In Paris, a housewife who gave her name as Mrs. Ben-Hassoun, 49, showed her index finger, stained dark green to show she had already voted, having queued for two hours to vote “for a good cause.”
“This is the first time in my life. I’m very proud. I hope it leads to something good,” she said.


Ahlem Laribi, 27, came to vote with her sister alongside many elderly Tunisians in the Mediterranean city of Marseille. “It was useless to vote until now,” she said. “We’re going to try to change things … I’ve always lived in France, but today, I’m 200 percent proud to be Tunisian.”


Dozens of Tunisians braved the rain in Rome to vote in a festive atmosphere. “I’m 57 and I’ve never once voted,” said Aziz Mohammad Hedi.
“Since Jan. 14 we’re really free … these elections are the revolution’s first fruit.”


Sallouha Maslinski, one of around 60,000 Tunisians eligible to vote in Germany, cast her ballot at the embassy in Berlin. “It’s a bit difficult because all of this is new for us,” said the 50-year-old, who has spent almost half her life in Germany.
There are around 1,500 lists to choose from in the vote under the proportional representation system, aimed at avoiding the dominance of any single party, as has been the case for the last 50 years.


In Cairo, where Egyptians inspired by the Tunisian revolt in February toppled their own ruler Hosni Mubarak after over 30 years in power as the Arab Spring gathered momentum, some voters were overcome by emotion.
Votes cast abroad will be counted Saturday and the results announced after voting ends in Tunisia Sunday.
Turnout is the big unknown of the election, the first free vote after two decades of fallen strongman Ben Ali’s rule during which the results of the rigged elections were always known well in advance.

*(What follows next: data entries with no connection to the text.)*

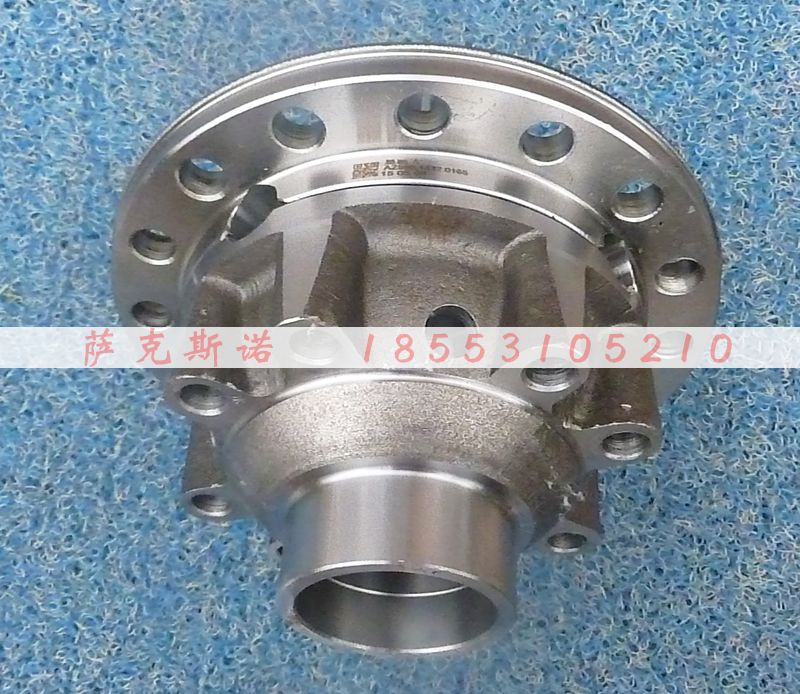 199014320165,差速器壳0165,济南萨克斯诺汽车配件有限公司
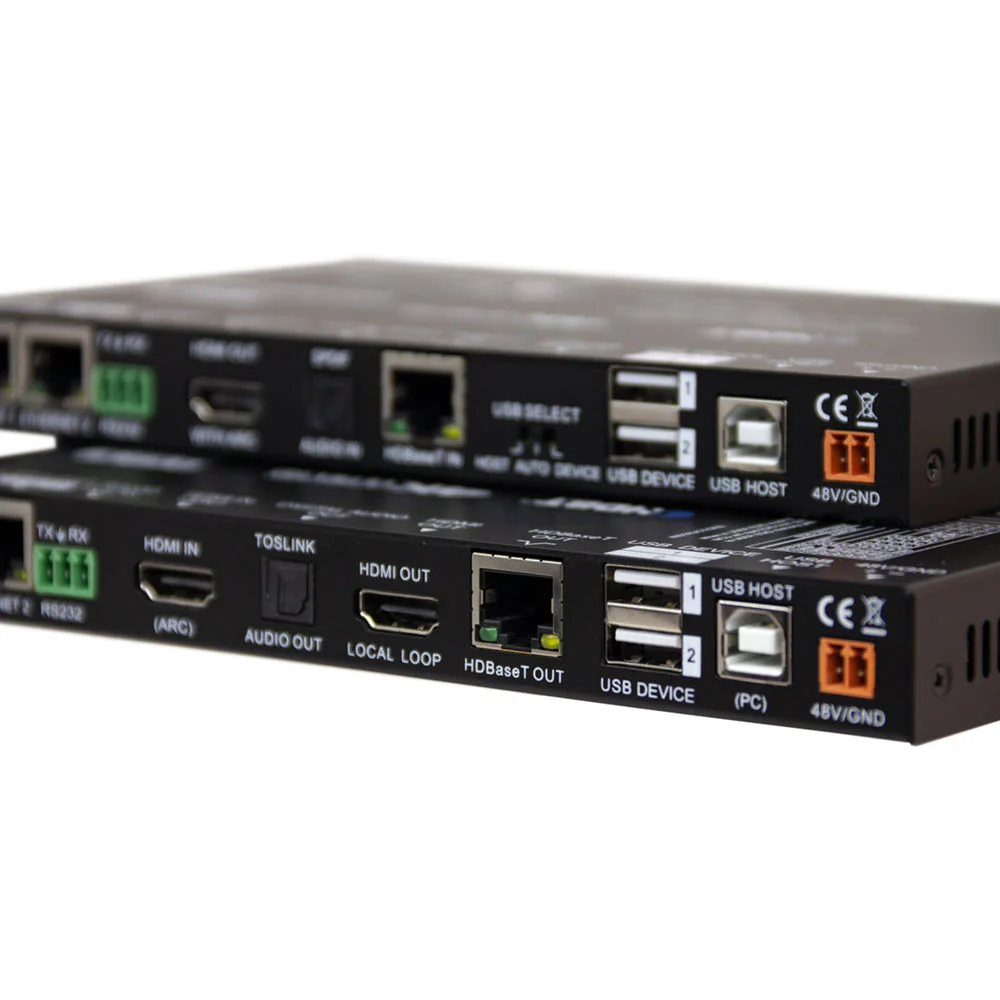 AVPro Edge 4K HDMI 2.0 over HDBaseT Tx/Rx Video Extender Kit (330') - Image 5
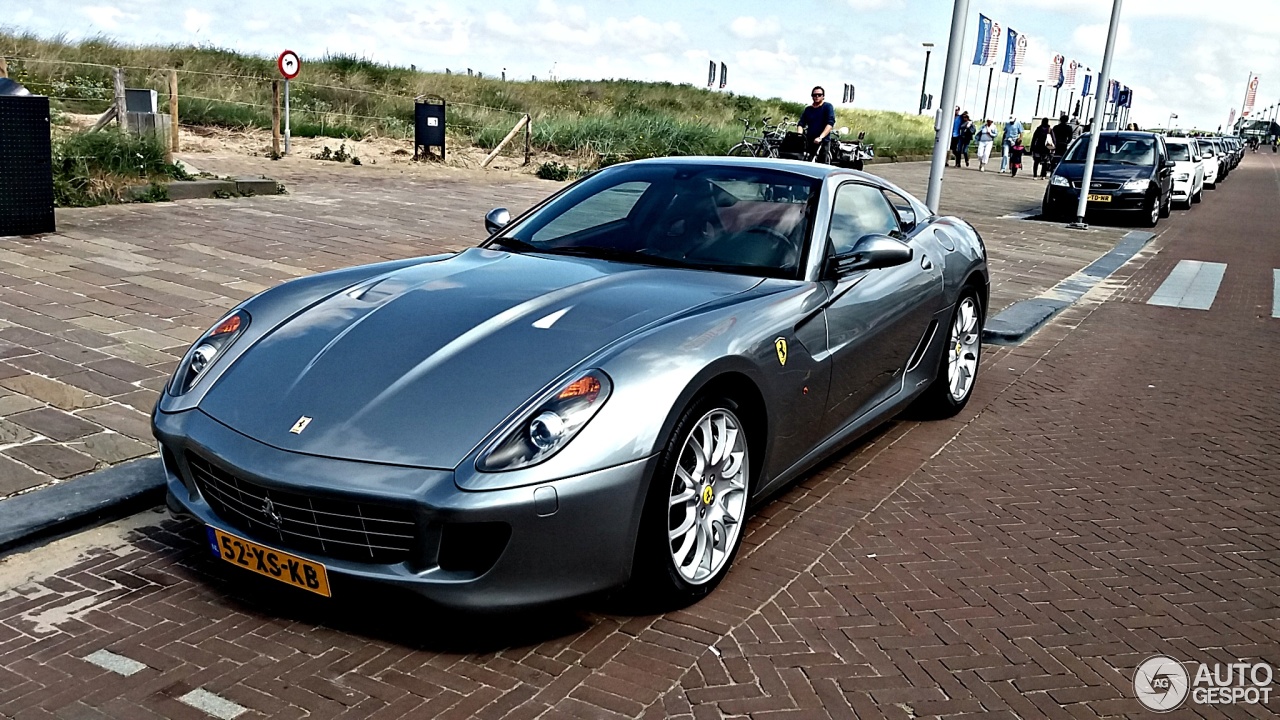 Ferrari 599 GTB Fiorano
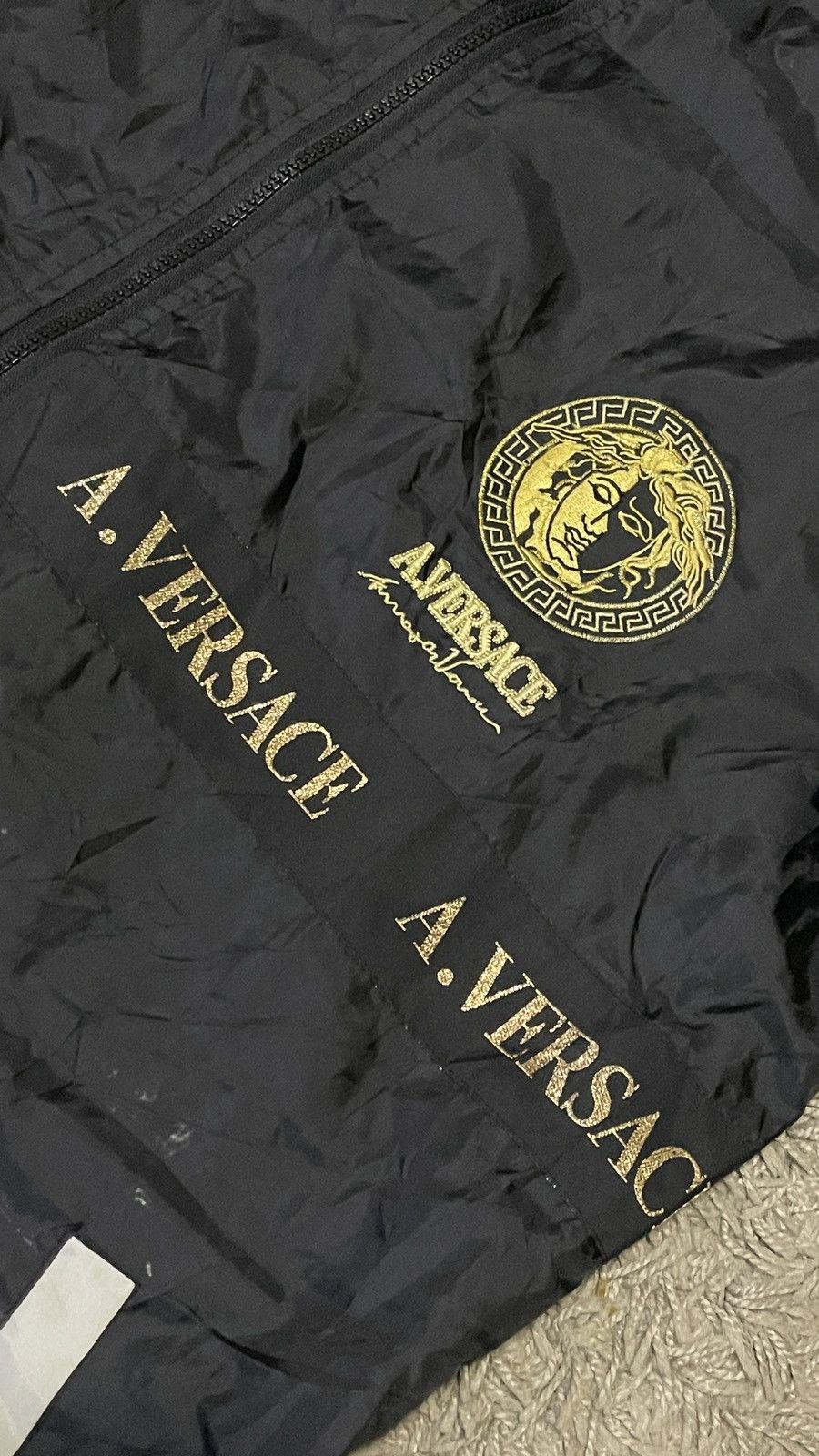 Versace A.VERSACE China Size US L / EU 52-54 / 3 - 7 Thumbnail
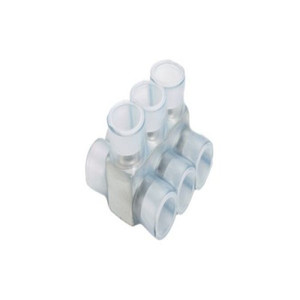 Panduit MULTI-TAP CONNECTOR 2 SIDED CLE - PCSB250-3-6Y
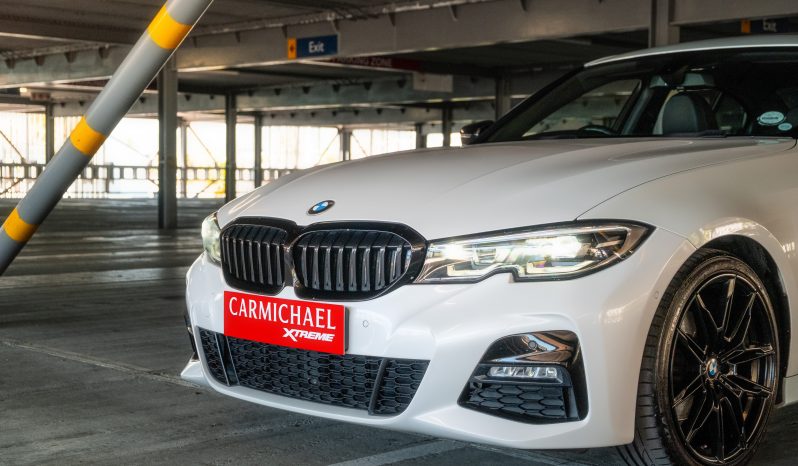 
								2019 BMW 3 Series 320d M Sport Launch Edition full									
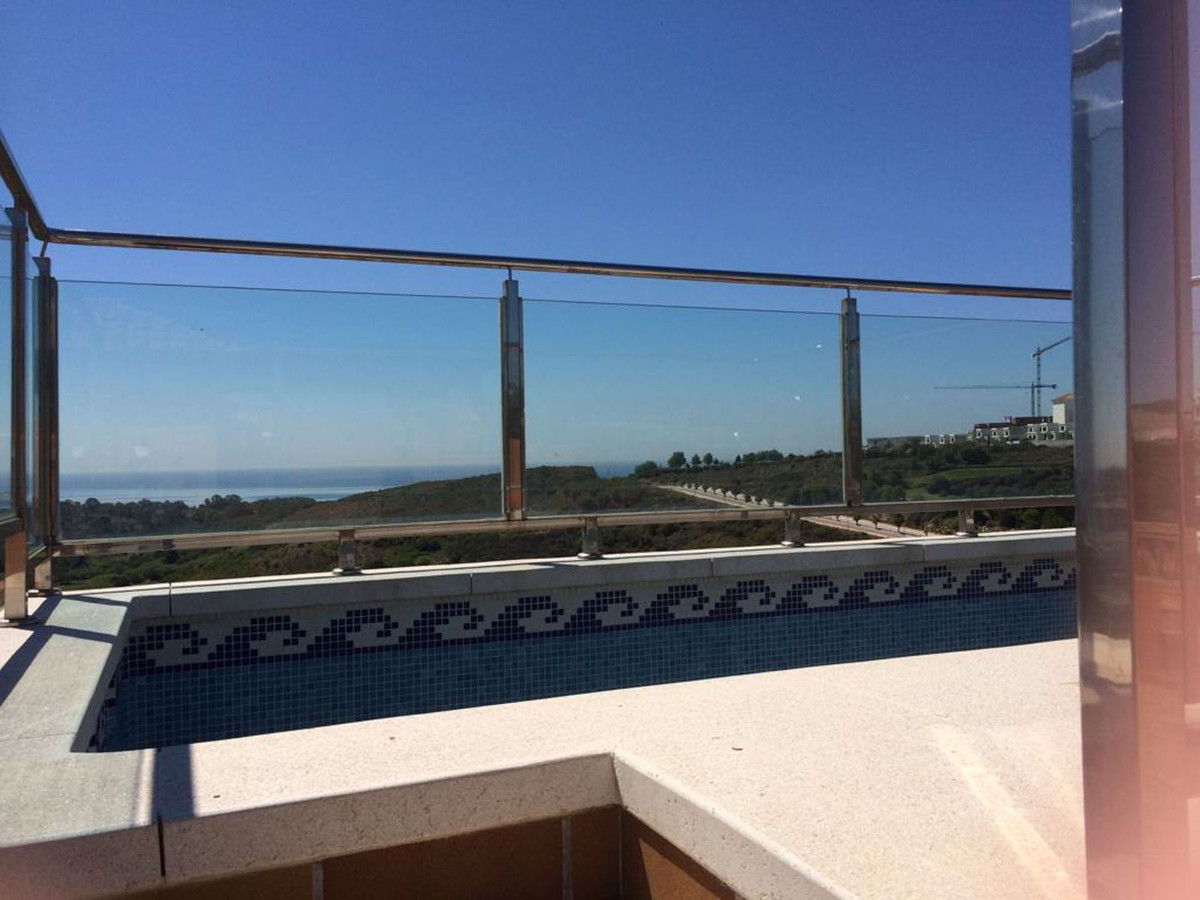 3 Bed, 3 Bath, ApartmentFor Sale, Manilva, Malaga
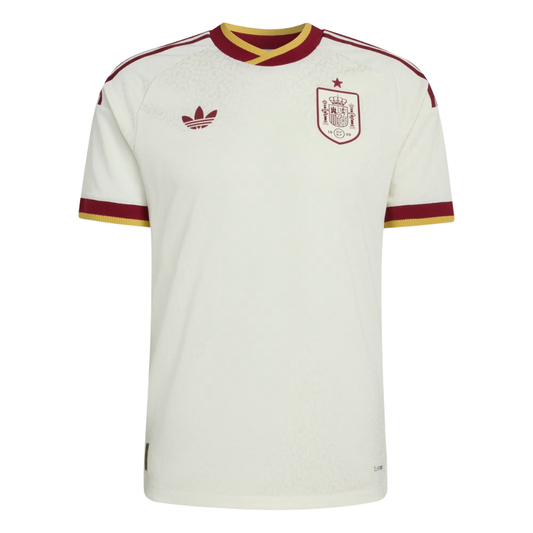 Espagne 26/27 Extérieur Authentique Maillot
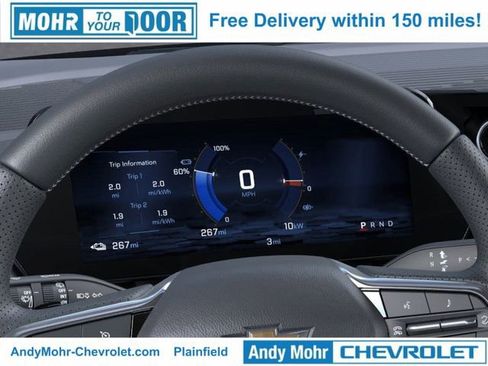 New 2026 Chevrolet Equinox EV LT image 18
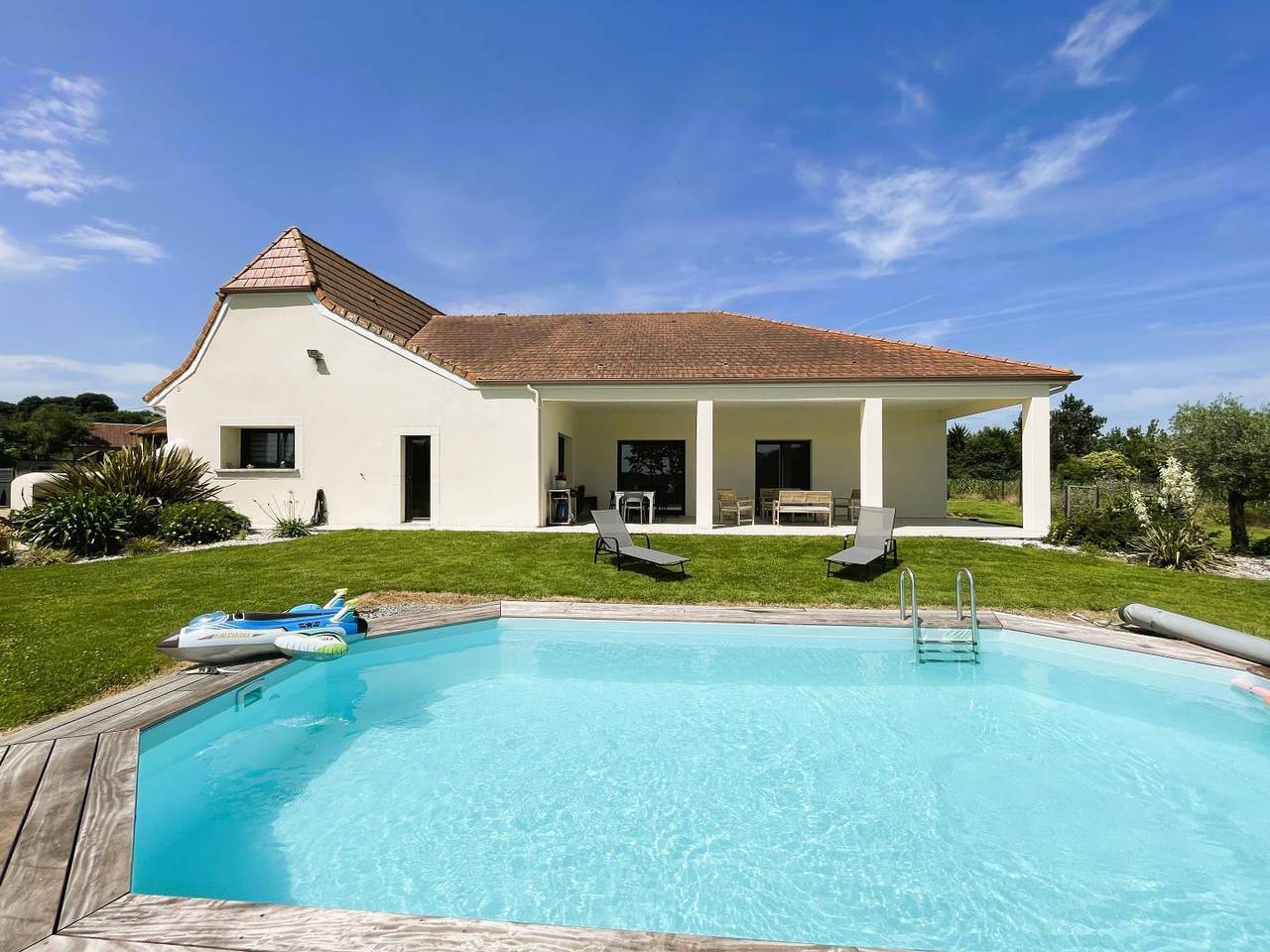 Photo : Maison de vacances
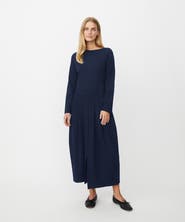 Masai Copenhagen MaNaelise Long Sleeve Maxi Dress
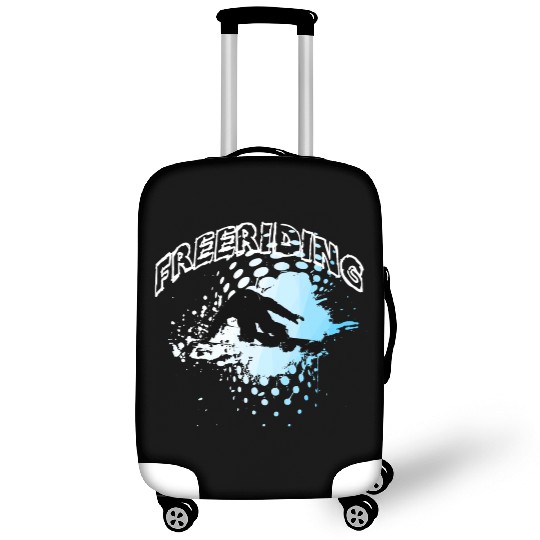 Snowboarding - Freeriding Luggage Covers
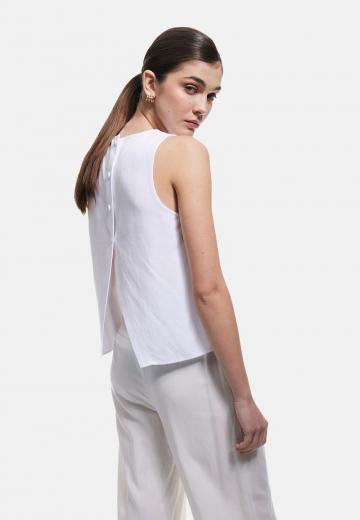 Майка-борцовка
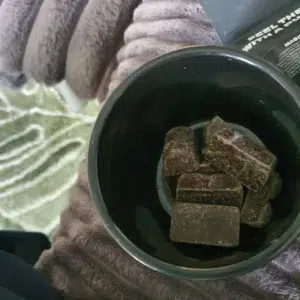 Recensione cliente Magic Choc - Cioccolato al THC con foto - Spliff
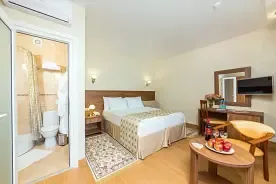 Двухместный номер Superior (2 отдельные кровати), Отель Villaggio, Анапа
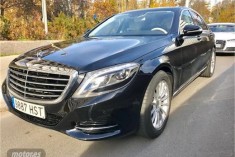 Mercedes Clase S S 350 BlueTEC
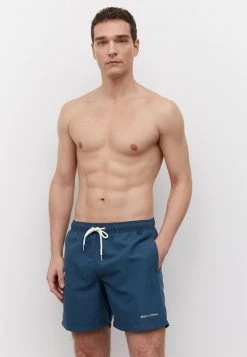 Marc O'Polo SOLIDS - Badeshorts - Navy | Herren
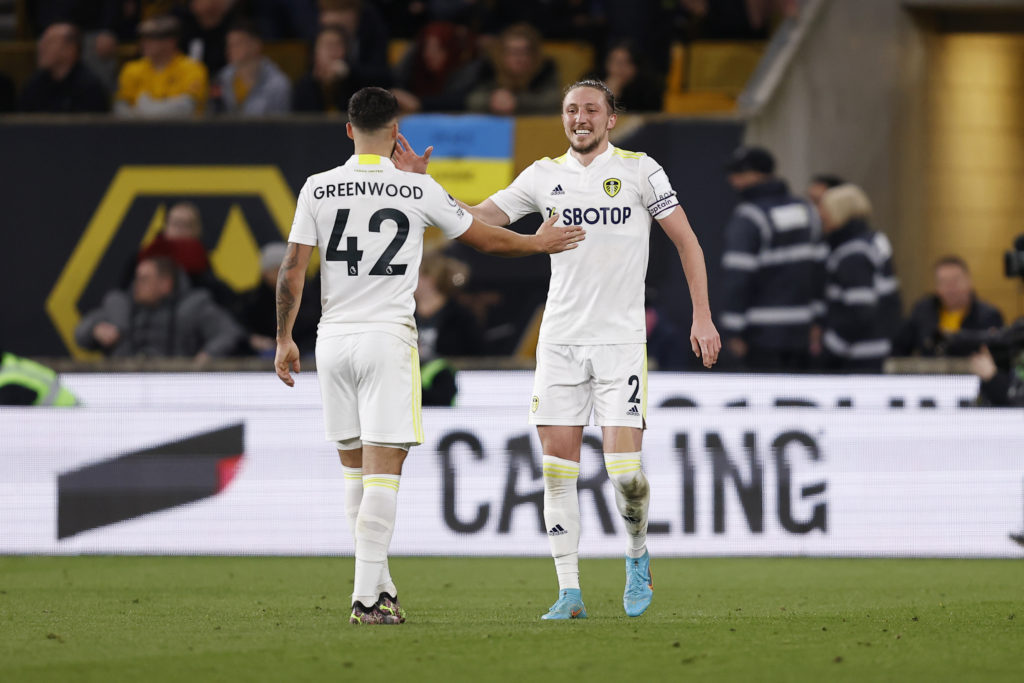 Wolverhampton Wanderers v Leeds United - Premier League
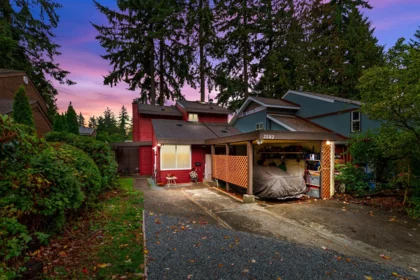 2582 Burian Drive, Coquitlam, BC, Coquitlam — Single Family Residence for sale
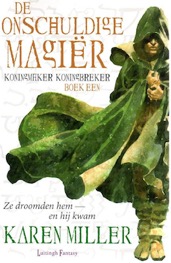 karen miller - de onschuldige magier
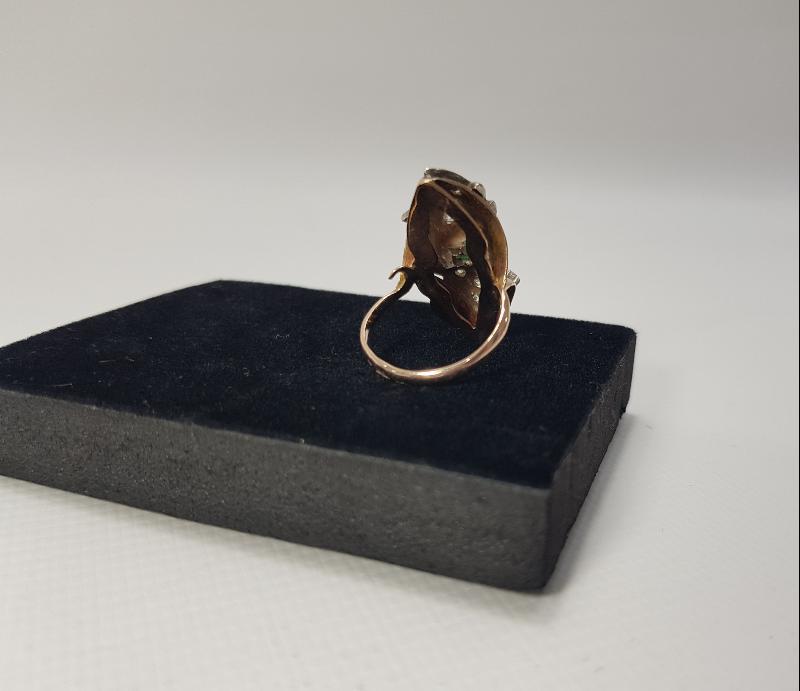 14 AYAR ALTIN YÜZÜK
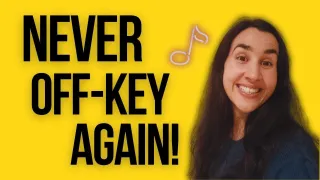 Fix Your Pitch: Singing Exercises to Stop Singing Off-Key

Ben Ali, once backed by the West for his supposed role as a rampart against Islamization, fled to Saudi Arabia a month into a leaderless uprising by Tunisians driven to the streets by social injustice, poverty and corruption.
The short transition period was marked by protests against the pace of change and sporadic violence across the country, which is under intense global scrutiny as the spearhead of the fast-spreading Arab Spring.